## Task statement
Before anything else, drop the pictures; then return exactly the lines from the top of the listing through the line with "Soccer avatar".

## Records supplied
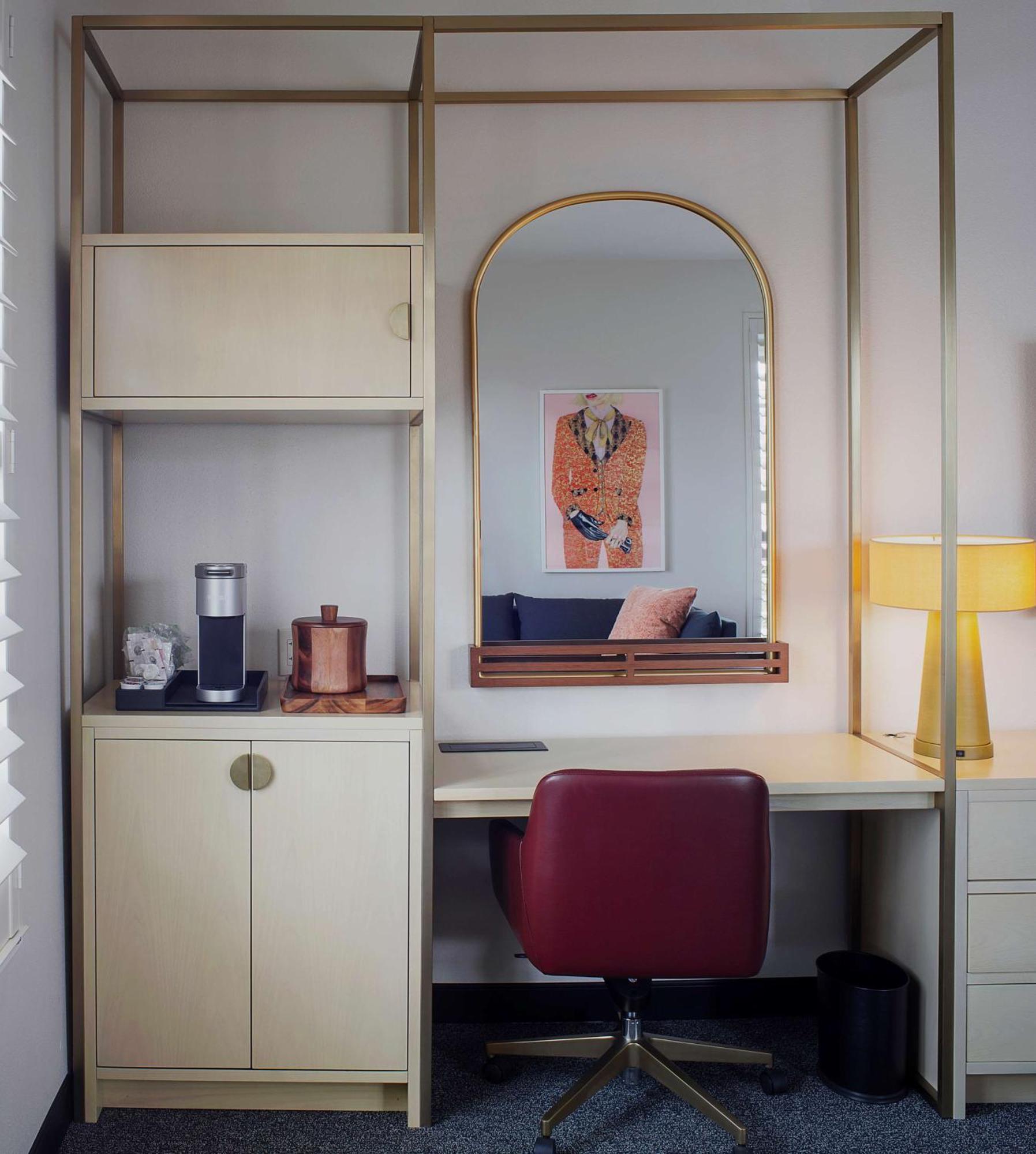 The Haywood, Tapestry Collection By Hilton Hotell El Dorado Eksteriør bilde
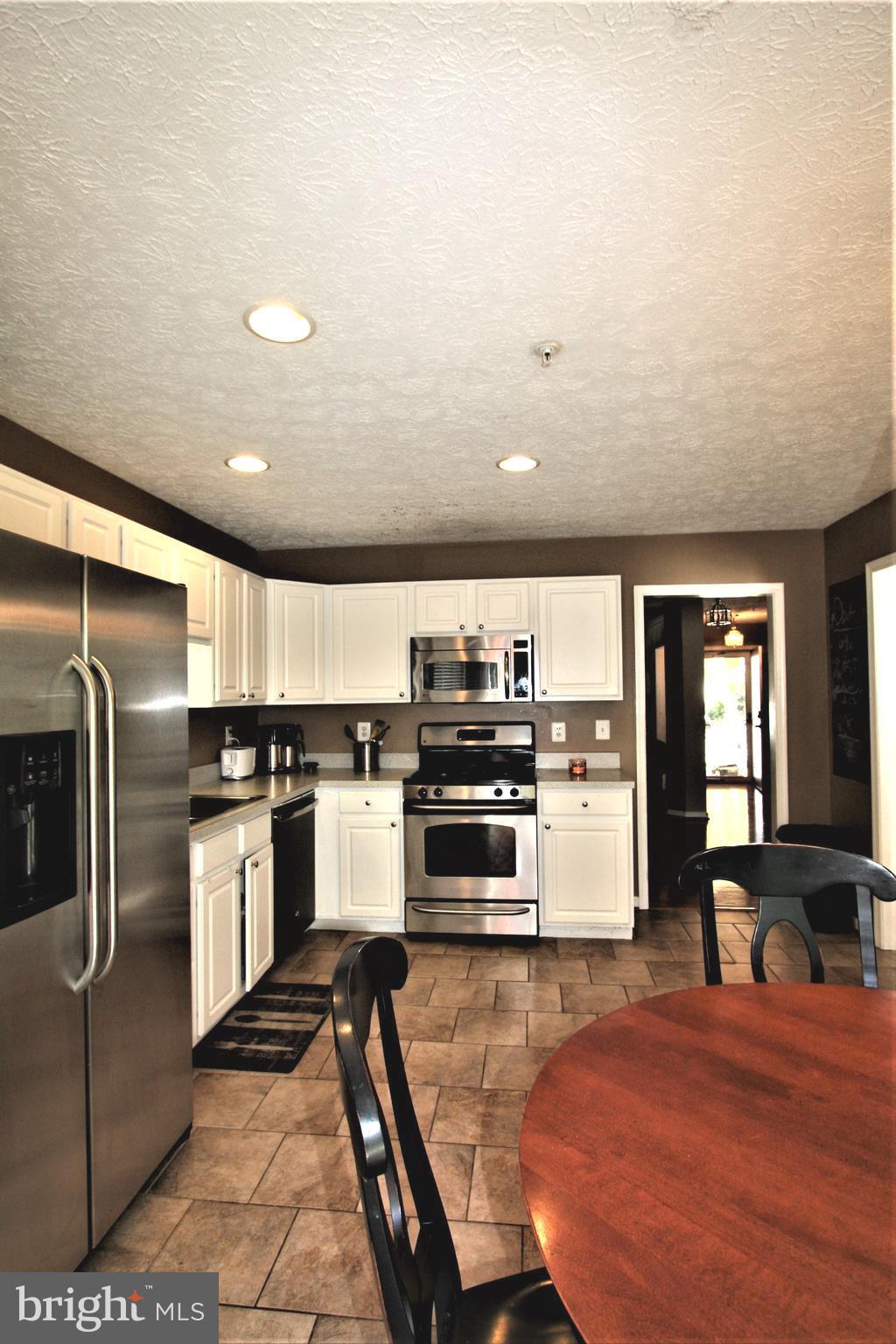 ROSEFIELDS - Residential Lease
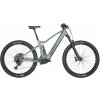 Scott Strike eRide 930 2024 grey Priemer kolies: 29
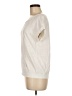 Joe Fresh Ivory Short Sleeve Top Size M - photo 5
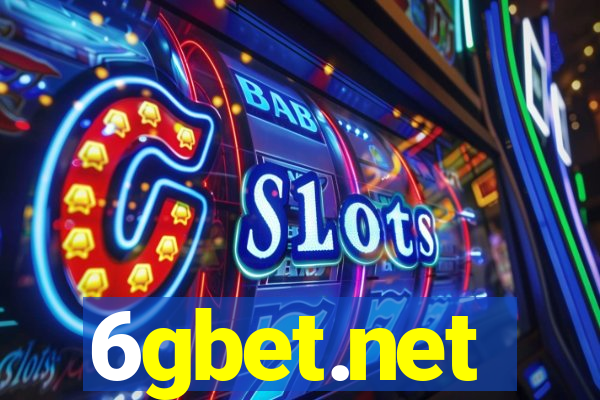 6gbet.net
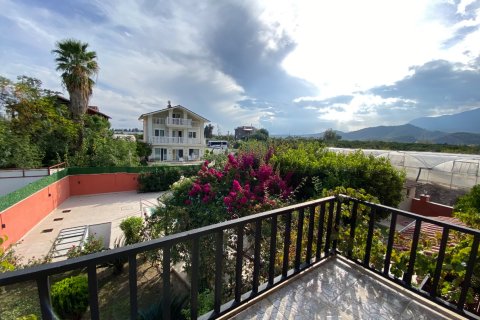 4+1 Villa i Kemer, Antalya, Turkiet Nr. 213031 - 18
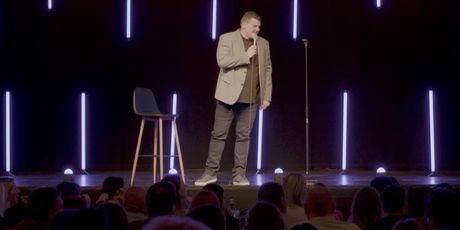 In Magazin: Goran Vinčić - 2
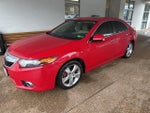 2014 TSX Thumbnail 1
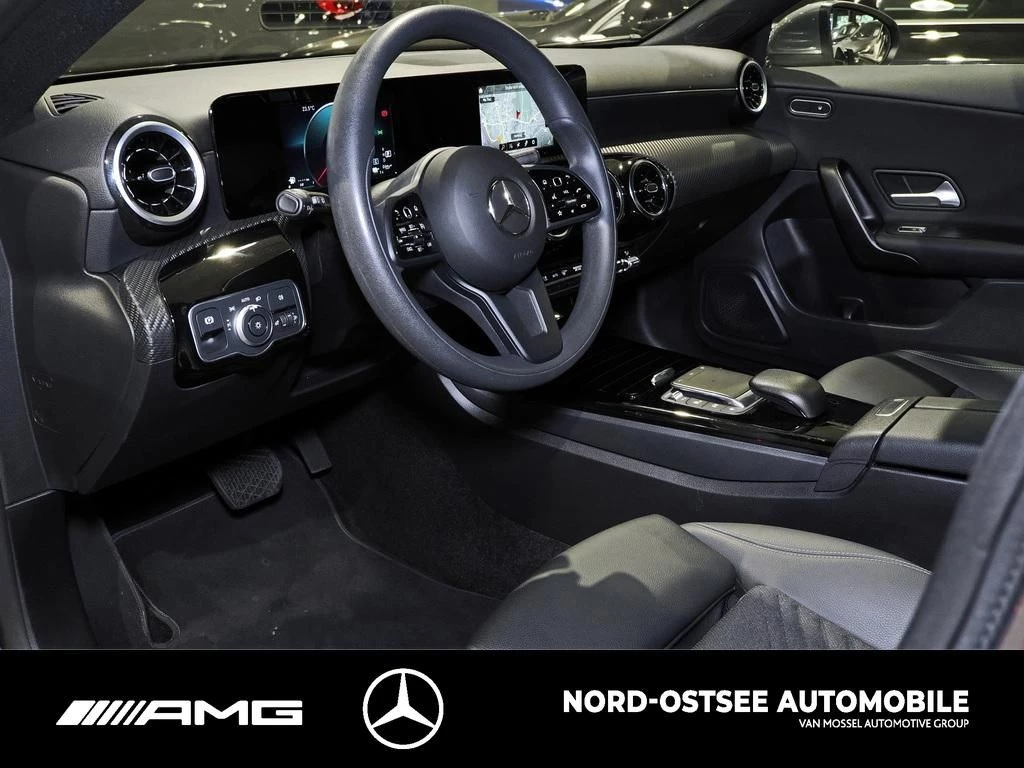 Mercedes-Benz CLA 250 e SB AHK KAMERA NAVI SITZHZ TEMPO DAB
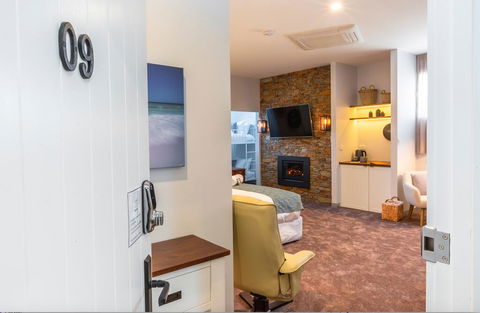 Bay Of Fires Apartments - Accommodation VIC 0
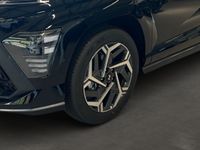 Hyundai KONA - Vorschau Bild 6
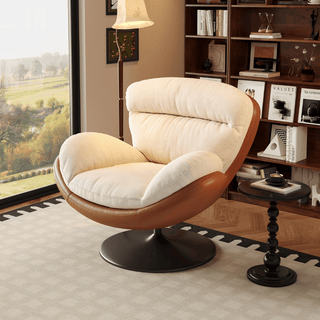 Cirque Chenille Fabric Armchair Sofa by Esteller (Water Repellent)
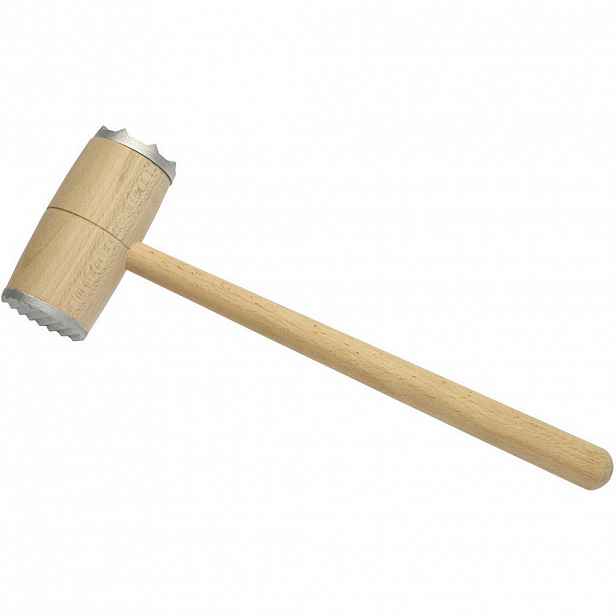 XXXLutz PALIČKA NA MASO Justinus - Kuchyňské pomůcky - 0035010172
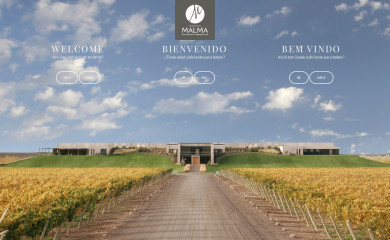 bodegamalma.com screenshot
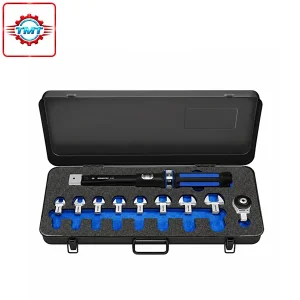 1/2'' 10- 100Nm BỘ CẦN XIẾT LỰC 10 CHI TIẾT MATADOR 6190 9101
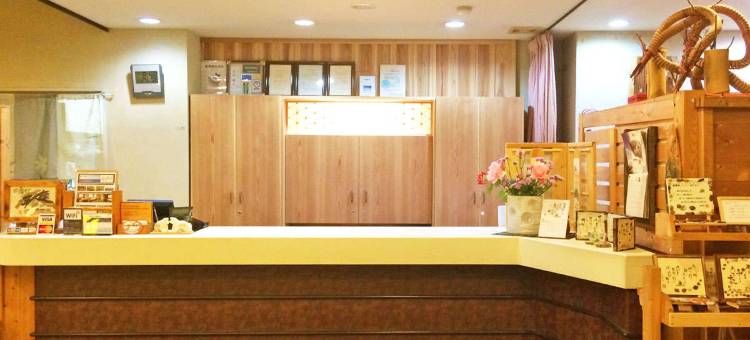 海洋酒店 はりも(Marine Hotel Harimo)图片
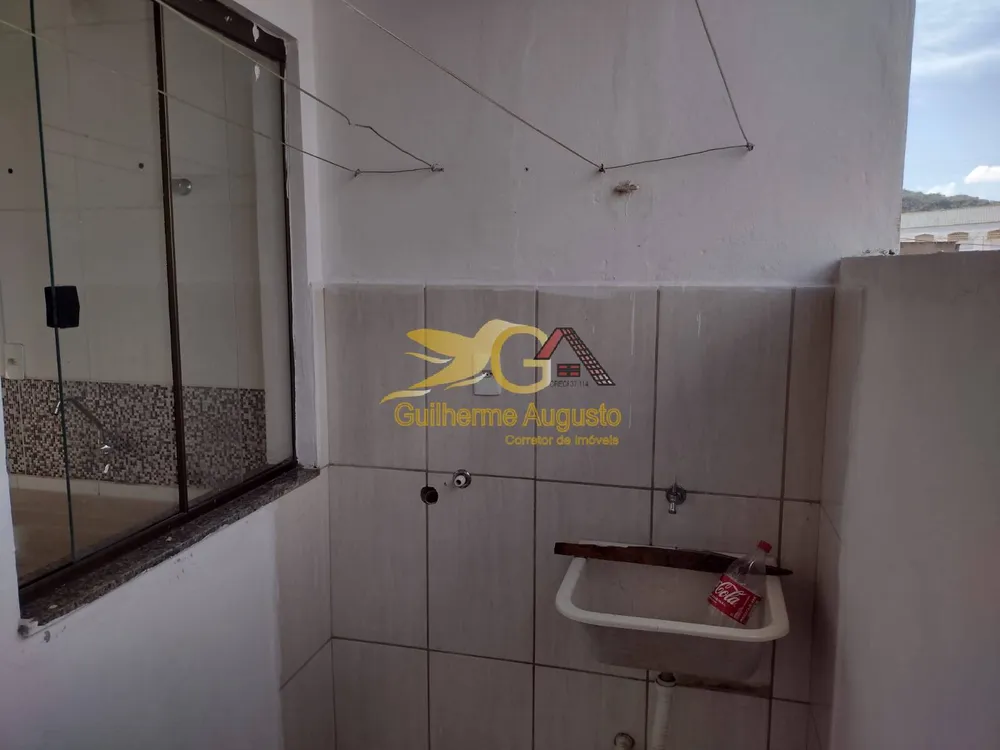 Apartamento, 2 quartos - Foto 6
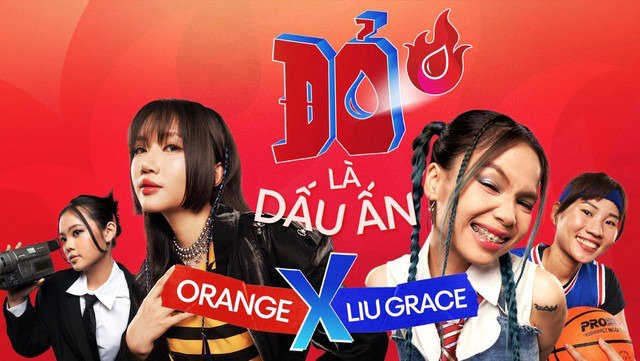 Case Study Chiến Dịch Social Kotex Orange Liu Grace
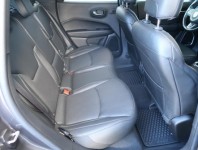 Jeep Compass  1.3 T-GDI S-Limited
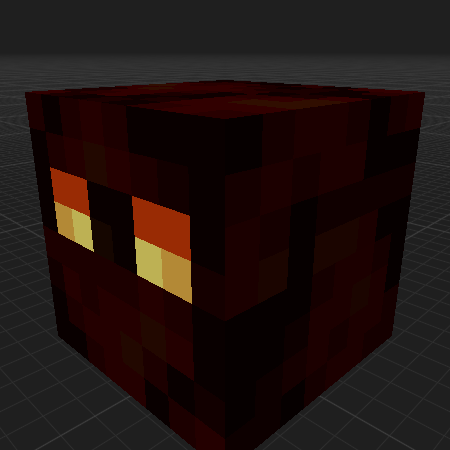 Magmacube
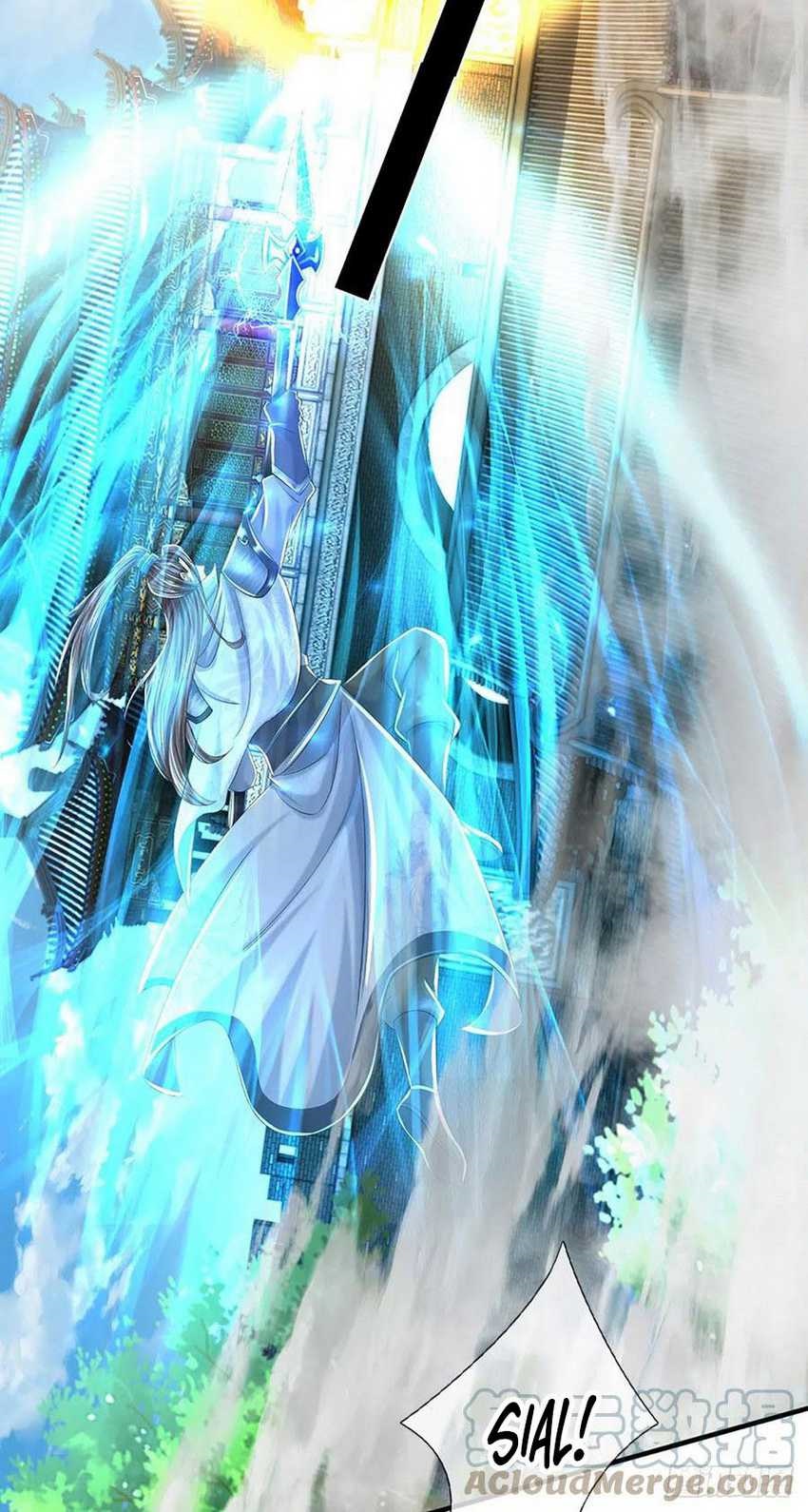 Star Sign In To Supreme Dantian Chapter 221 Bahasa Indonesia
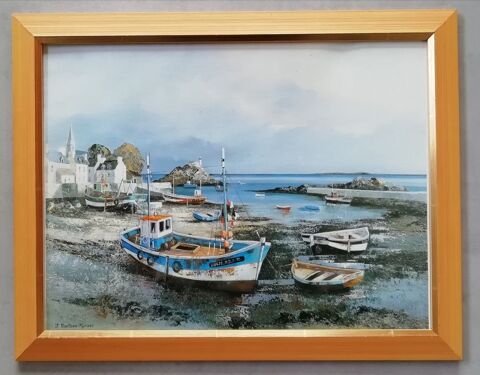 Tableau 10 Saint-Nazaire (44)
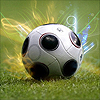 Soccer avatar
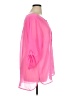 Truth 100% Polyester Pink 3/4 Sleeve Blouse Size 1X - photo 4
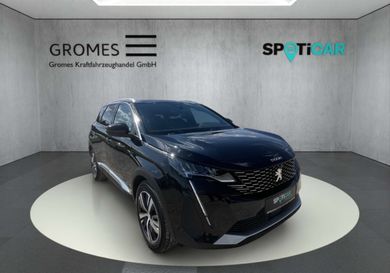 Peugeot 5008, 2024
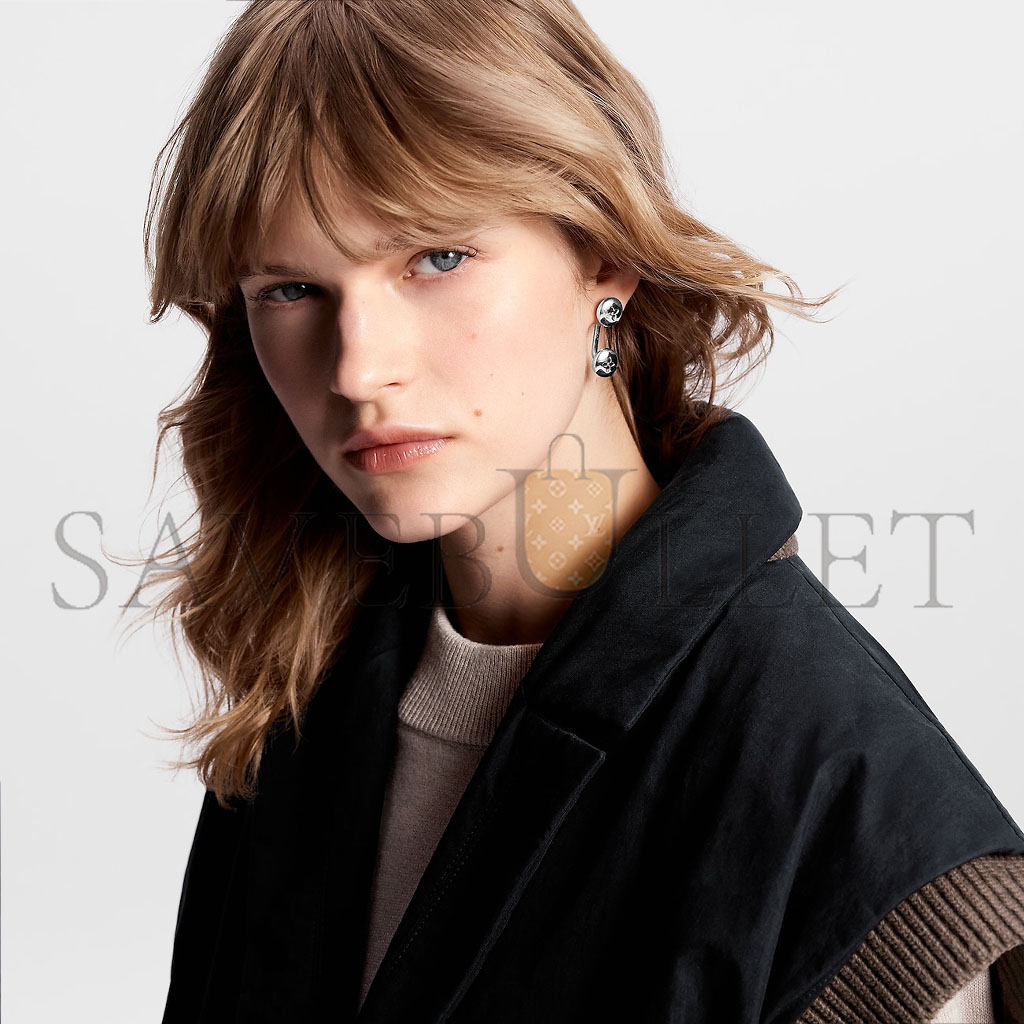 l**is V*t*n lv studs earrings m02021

## Task output
 The Haywood, Tapestry Collection By Hilton Hotell El Dorado Eksteriør bilde
 ROSEFIELDS - Residential Lease
 Scott Strike eRide 930 2024 grey Priemer kolies: 29
 Joe Fresh Ivory Short Sleeve Top Size M - photo 5
 6gbet.net
 4+1 Villa i Kemer, Antalya, Turkiet Nr. 213031 - 18
 In Magazin: Goran Vinčić - 2
 2014 TSX Thumbnail 1
 Mercedes-Benz CLA 250 e SB AHK KAMERA NAVI SITZHZ TEMPO DAB
 Bay Of Fires Apartments - Accommodation VIC 0
 Hyundai KONA - Vorschau Bild 6
 Cirque Chenille Fabric Armchair Sofa by Esteller (Water Repellent)
 XXXLutz PALIČKA NA MASO Justinus - Kuchyňské pomůcky - 0035010172
 bodegamalma.com screenshot
 1/2'' 10- 100Nm BỘ CẦN XIẾT LỰC 10 CHI TIẾT MATADOR 6190 9101
 海洋酒店 はりも(Marine Hotel Harimo)图片
 Apartamento, 2 quartos - Foto 6
 Case Study Chiến Dịch Social Kotex Orange Liu Grace
 Jeep Compass  1.3 T-GDI S-Limited
 Magmacube
 Star Sign In To Supreme Dantian Chapter 221 Bahasa Indonesia
 Tableau 10 Saint-Nazaire (44)
 Soccer avatar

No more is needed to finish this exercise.